Comme nombre d’intellectuels zaïrois à la fin des années 1970, Valentin-Yves Mudimbe prend le chemin de l’exil. Celui-ci le conduit d’abord en Afrique, puis en Europe, et enfin aux États-Unis, où il enseignera dans plusieurs institutions prestigieuses, dont Stanford et le Haverford College. C’est toutefois à la Duke University qu’il établit durablement son dernier port d’ancrage académique.
Mudimbe s’impose dans le champ de la pensée postcoloniale par une œuvre exigeante, traversée par des thématiques complexes telles que la phénoménologie, le structuralisme, les récits mythiques africains et les usages politiques de la langue. Son ouvrage majeur, «The Invention of Africa (1988) », désormais traduit en français, constitue un pilier de la critique des savoirs produits sur et pour l’Afrique. Il y interroge la manière dont l’Afrique a été « fabriquée » intellectuellement par les traditions occidentales, et appelle à un renversement radical des paradigmes.
Pour Vincent Sosthène Fouda, témoin de sa trajectoire, Mudimbe fut bien plus qu’un intellectuel : « Y.V.M fut un papa, un ami, un aîné pour beaucoup d’entre nous. Il lègue à cette Afrique lacérée et martyrisée une terre à bêcher dans laquelle son trésor est désormais visible ». Par ces mots, c’est un hommage vibrant qu’il rend à celui qui n’a cessé de sonder les blessures de l’Afrique pour en extraire la dignité et la puissance de réinvention.
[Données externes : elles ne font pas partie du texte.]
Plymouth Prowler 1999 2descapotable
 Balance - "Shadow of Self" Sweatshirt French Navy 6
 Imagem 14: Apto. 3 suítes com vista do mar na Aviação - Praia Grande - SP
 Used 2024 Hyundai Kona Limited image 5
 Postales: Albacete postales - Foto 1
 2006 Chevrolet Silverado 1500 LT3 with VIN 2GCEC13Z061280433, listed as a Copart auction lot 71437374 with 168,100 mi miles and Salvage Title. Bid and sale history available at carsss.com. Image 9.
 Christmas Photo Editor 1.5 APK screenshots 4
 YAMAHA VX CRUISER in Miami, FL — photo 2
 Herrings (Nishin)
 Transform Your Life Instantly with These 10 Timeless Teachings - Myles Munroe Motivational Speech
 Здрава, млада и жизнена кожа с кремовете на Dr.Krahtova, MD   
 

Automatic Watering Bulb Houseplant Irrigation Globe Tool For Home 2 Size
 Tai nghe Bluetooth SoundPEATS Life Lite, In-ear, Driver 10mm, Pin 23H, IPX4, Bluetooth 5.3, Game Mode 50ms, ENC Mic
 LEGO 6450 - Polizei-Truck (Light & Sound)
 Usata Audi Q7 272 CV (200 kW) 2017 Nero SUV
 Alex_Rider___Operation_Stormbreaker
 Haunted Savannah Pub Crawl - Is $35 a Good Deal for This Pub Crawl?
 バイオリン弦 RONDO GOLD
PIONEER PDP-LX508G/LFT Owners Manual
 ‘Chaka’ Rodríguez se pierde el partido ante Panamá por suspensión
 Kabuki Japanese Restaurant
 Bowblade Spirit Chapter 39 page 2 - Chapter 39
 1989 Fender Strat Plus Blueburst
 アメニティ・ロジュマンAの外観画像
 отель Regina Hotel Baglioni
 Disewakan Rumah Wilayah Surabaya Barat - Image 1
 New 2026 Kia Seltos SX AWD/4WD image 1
Mudimbe quitte ce monde, mais entre dans l’histoire. Son œuvre continuera d’éclairer les chemins critiques d’une Afrique en quête de réappropriation de ses récits, de ses langues, et de ses vérités. Dans le silence de la Caroline du Nord, c’est toute une mémoire intellectuelle qui s’est endormie, mais dont l’écho résonnera encore longtemps sur le continent et bien au-delà.